Appendix 4 - Institute of Chartered Accountants in Australia (ICAA) – suggested amendments
Option 1: Input taxing the supply of
Australian tour packages by foreign tour operators to non-resident tourists
Under this option,
non-resident suppliers of Australian tour packages or components thereof would
not be able to claim input tax credits on acquisition of these. The ICAA suggests that this would be achieved
by inserting into the GST Act the following provision:-
40-XX Australian holidays supplied by non-residents
- A supply of an *Australian holiday is input-taxed if:
- the supplier is a *non-resident; and
- the supplier is not *carrying on an *enterprise in Australia.
- For
the purposes of subsection (1), the supply of an Australian holiday includes a
right to any one or more of transport, accommodation, meals, attractions and
other holiday-related supplies in Australia where:-
- the
supplier will not be making to the person undertaking the Australian holiday the underlying supplies to
which the right relates; and
- the
underlying supplies will be used by the person undertaking the Australian
holiday for purposes not connected with the *carrying on of an *enterprise by
the recipient of the supply.
Option 2: Limiting the existing GST registration
requirements to entities carrying on (or intending to carry on) an enterprise
within Australia
ICAA's Option 2 involves substituting the references to “carrying on an
enterprise” in sections 23-1, 23-5 and 23-10 of the GST Act to “carrying on an
enterprise in Australia”. As the
non-resident tour operators do not carry on enterprise in Australia, they would
not be entitled to register. The result
of this would be that foreign tour operators would cease to have a GST input
tax credit entitlement.
In addition, to ensure that entertainers or sportsmen/women who perform
in Australia will continue to be subject to GST, the ICAA suggest that a new
sub-section be inserted after section 23-5 stating that:
For the avoidance of doubt, you are *carrying
on an *enterprise in Australia if you make supplies that are *connected with
Australia within section 9-25(5)”.
In order to allow entities which are
considering investing in Australia or which do business in Australia (e.g.

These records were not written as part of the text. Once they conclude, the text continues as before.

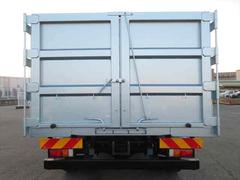 ¿���κ߸ˤ���·���Ƥ���ޤ��������ڤˤ���Ź���������ʴ����ֹ棳�������� 4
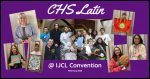 Latin IJCL Collage Feb 2020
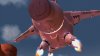 История игрушек 3: Большой побег (Toy Story 3) Русская Версия (Xbox 360/Xbox One)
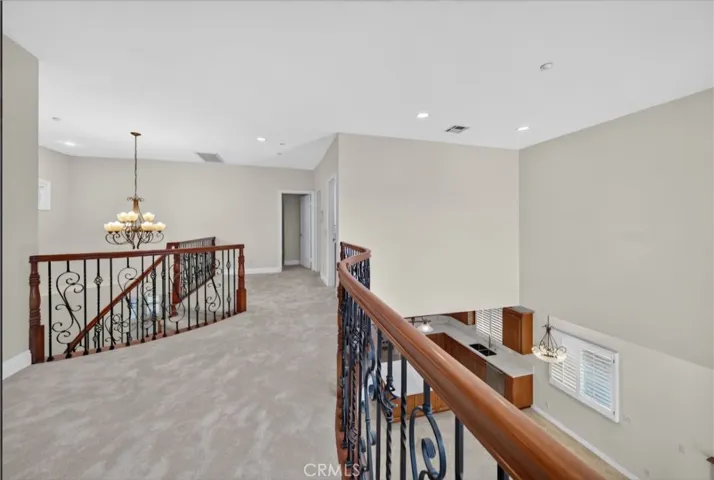 788 Manley Drive, San Gabriel, California 91776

negotiating the acquisition of products to be exported from Australia) to claim
input tax credits on qualifying business expenses incurred, the ICAA suggest
that either:-
- a
provision be inserted to allow registration in these limited circumstances; or
- a system similar to the
VAT Reclaim system utilised in some overseas countries, be set up to permit
businesses which do not carry on an enterprise in Australia to claim back GST
on qualifying business expenses which they incur in Australia.
Method 1
If the issue is resolved under the first of
these methods, the ICAA suggest that section 23-1 be amended as indicated below
in bold and that a provision be inserted as
indicated below:
23-1 Entities not carrying on enterprise in
Australia which may be registered
- You
may be *registered under this Act if you are a non-resident and you make or
intend to make *qualifying acquisitions in Australia in the course of carrying
on an enterprise (whether or not your turnover is at, above or below the
*registration turnover threshold).
- For
the purposes of subsection 23-12(1), qualifying acquisitions means acquisitions
which:
- are effectively used and
enjoyed by you; and
- are not supplied by you to
another entity.
The ICAA notes an
unresolved problem associated with this option, noting that FTOs could use this
to get registered and then claim ITCs, unless ITCs are also limited for
non-residents who are not carrying on enterprise in Australia to qualifying
expenses. The ICAA advised that time pressures had not permitted them to draft
provisions appropriate for this purpose.
Method 2
Alternatively, if
the issue is resolved under the second of those methods, the ICAA suggest a new
Division “Division 169 – Non-Resident Business Refund Scheme” with the
following provisions:-
169-1 What this
Division is about
If you are a
non-resident and you carry on an enterprise but not in Australia, you may be
entitled to a refund of the GST that was payable on certain acquisitions made
by you in Australia.
Non-Resident
Business Refund Scheme
- If:
- you are a non-resident; and
- you do not carry on an
enterprise in Australia; and
- you make
a *qualifying acquisition in Australia in the course of carrying on an enterprise; and
- the supply to you of the
qualifying acquisition is a *taxable supply;
the Commissioner must, on behalf of the Commonwealth, pay to you an
amount equal to:
- the amount of the GST
payable on the supply; or
- such proportion of that
amount of GST as is specified in the regulations.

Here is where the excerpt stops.